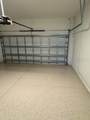 24803 Buckingham Way - Photo 13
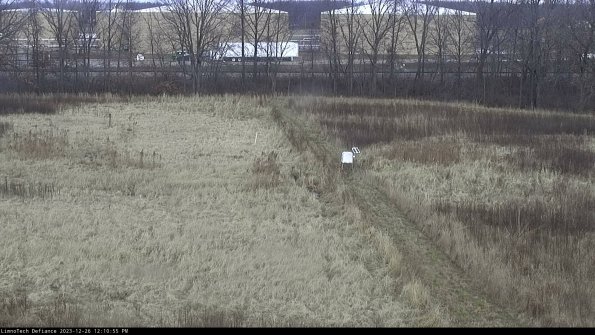 Cell 3 to 4_23-12-26_12-10-55-60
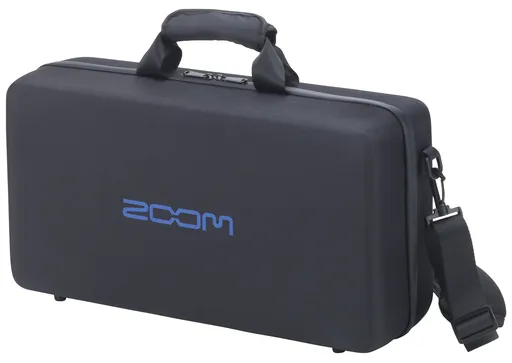 Zoom CBG-5n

[TASK OBJECTIVE] Return all the material exactly, pictures excluded.

[EXERCISE RESULT]
 24803 Buckingham Way - Photo 13
 Cell 3 to 4_23-12-26_12-10-55-60
 Zoom CBG-5n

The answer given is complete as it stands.